### Your assignment
Taking the line with "Batik Fashion - Busana Batik Danny Satriadi" as the first and the line with "null Collier représentant" as the last, set down the lines below exactly, pictures excluded.

### Input for this task
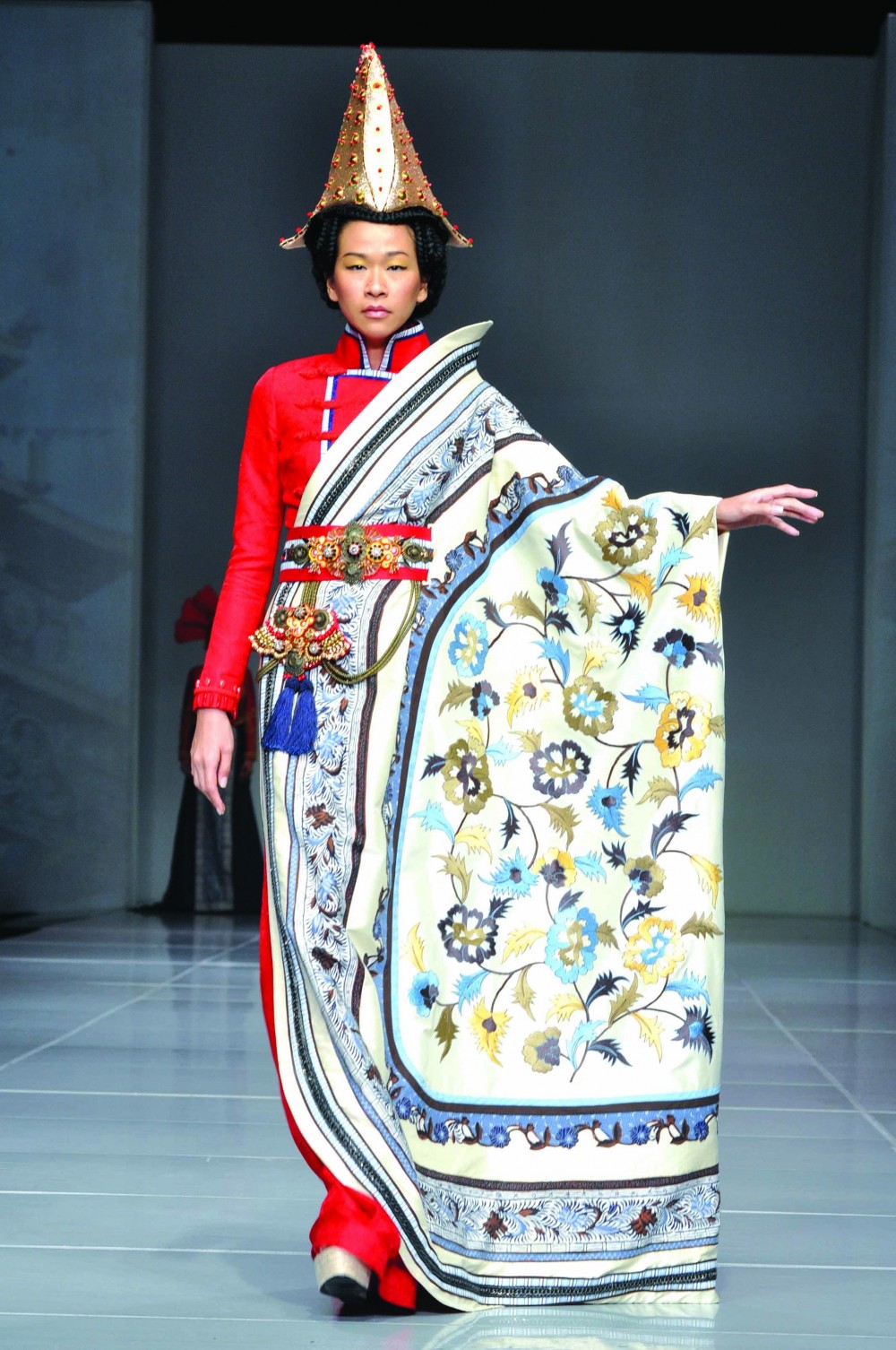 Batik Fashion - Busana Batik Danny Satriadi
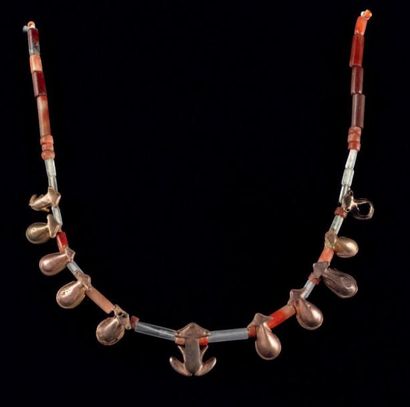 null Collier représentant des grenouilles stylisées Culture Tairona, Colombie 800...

...

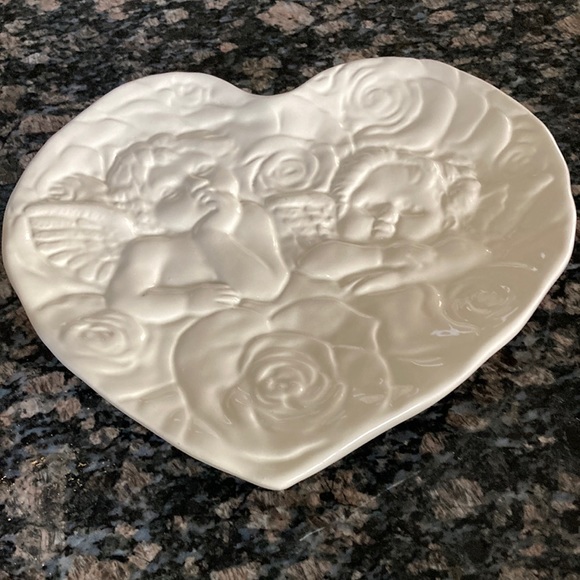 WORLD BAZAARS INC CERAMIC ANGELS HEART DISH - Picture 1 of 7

--

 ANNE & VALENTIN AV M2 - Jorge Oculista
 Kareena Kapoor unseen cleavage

### Result for this exercise
 Batik Fashion - Busana Batik Danny Satriadi
 null Collier représentant des grenouilles stylisées Culture Tairona, Colombie 800...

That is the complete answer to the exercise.